Entries supplied ::
⁂
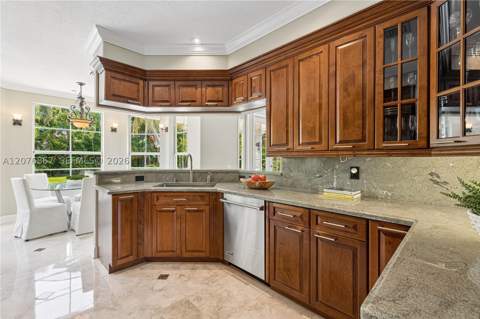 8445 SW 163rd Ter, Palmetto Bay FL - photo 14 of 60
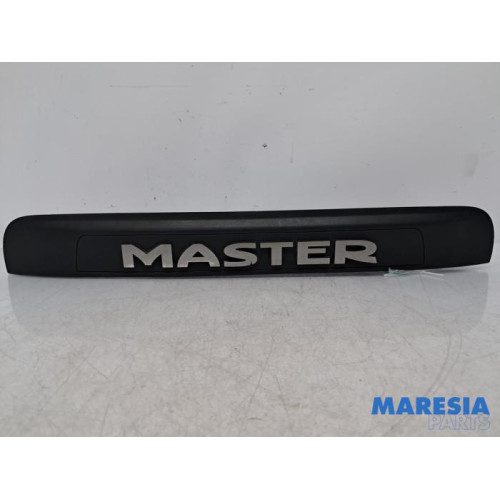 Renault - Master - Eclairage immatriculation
⁂
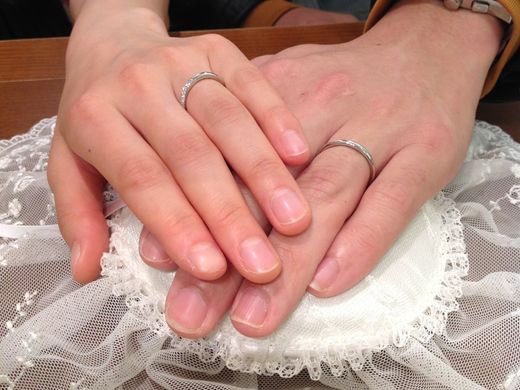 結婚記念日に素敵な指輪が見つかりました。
⁂
Exercise instructions :: In the listing above, find the line containing "8445 SW 163rd" and the line containing "Renault - Master - Eclairage immatriculation". Print those two lines and every line between them exactly, with no pictures.

Written response ::
 8445 SW 163rd Ter, Palmetto Bay FL - photo 14 of 60
 Renault - Master - Eclairage immatriculation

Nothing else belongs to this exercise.